As long as it is using sequentially consistent writes is not going to be faster than a two lock queue, as, at least on x86, an uncontended sc write is exactly as expensive an uncontended spin lock acquire (and a spin lock release is very cheap).
On the other hand, a SPSC ring buffer can be implemented purely with acquire loads and release stores, and if one takes care of avoiding reading recently written cachelines when not necessary it can have higher throughput than a spin-locked queue.
> [...] I'm not even sure that it's possible to write a correct lock-free queue (of which this is a variant) in a non-garbage collected language without some pretty substantial trade-offs regarding memory management.
There's no dynamic memory allocation going on in this particular lock-free queue, so I don't see how your concern is relevant here?
After reading the full article, they solve a vastly more restricted (although perhaps still useful) problem than the title implies. Their design assumes a single producer and single consumer and is trivially broken if that's not the case. I don't have time to write a convincing set of benchmarks to prove it, but I very much doubt that this is faster than a locking implementation of the same structure.

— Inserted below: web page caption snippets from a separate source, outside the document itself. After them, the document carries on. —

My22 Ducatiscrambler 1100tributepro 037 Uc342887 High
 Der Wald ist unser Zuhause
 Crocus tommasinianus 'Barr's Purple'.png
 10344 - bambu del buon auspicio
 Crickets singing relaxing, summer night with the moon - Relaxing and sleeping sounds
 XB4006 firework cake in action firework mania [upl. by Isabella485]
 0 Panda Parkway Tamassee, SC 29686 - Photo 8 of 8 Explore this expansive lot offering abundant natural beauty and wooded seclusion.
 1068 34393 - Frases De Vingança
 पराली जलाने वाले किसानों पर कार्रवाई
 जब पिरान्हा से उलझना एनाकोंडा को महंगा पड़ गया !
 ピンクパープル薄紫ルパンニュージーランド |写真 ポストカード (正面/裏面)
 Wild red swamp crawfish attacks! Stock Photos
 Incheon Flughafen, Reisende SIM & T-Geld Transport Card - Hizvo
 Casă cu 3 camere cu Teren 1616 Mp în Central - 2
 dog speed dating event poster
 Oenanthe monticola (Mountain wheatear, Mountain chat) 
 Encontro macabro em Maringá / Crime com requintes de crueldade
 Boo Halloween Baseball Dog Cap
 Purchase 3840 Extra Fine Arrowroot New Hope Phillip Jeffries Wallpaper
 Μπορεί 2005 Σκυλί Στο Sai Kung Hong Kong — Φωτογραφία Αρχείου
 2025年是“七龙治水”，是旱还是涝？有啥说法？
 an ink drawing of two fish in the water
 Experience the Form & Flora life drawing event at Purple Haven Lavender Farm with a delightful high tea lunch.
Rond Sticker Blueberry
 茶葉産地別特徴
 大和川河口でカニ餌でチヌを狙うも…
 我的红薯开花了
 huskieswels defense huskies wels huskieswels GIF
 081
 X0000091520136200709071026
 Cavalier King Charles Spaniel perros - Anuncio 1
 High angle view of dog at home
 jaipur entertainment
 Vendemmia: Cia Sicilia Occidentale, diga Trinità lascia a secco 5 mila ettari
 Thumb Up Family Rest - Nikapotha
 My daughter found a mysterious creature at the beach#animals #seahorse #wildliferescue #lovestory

I can attest to the basic lock-free spsc queues being far faster than a basic spinlocking version of the same queue, on xeon-class X86 at least.
LOCK'ed instructions (one might use lock xchg or lock cmpxchg) perform a full memory barrier, which has quite a few performance implications if there are any outbound loads/stores. Further, if the cache line containing the spinlock is in anything except an exclusively-held state on the writing core (it will usually be on a different core or in a shared state), simply acquiring the lock will stall for ~25-30ns+.
On the other hand, a simply spsc lock-free queue can hit <10ns per message with a latency about equal to the core-core communication latency.
This is not the message I want to see introducing such a complex topic. Writing correct lock-free code is incredibly hard, and you're not going to get it right or even understand it from a single post. I've done a bit of reading on this subject, and I'm not even sure that it's possible to write a correct lock-free queue (of which this is a variant) in a non-garbage collected language without some pretty substantial trade-offs regarding memory management.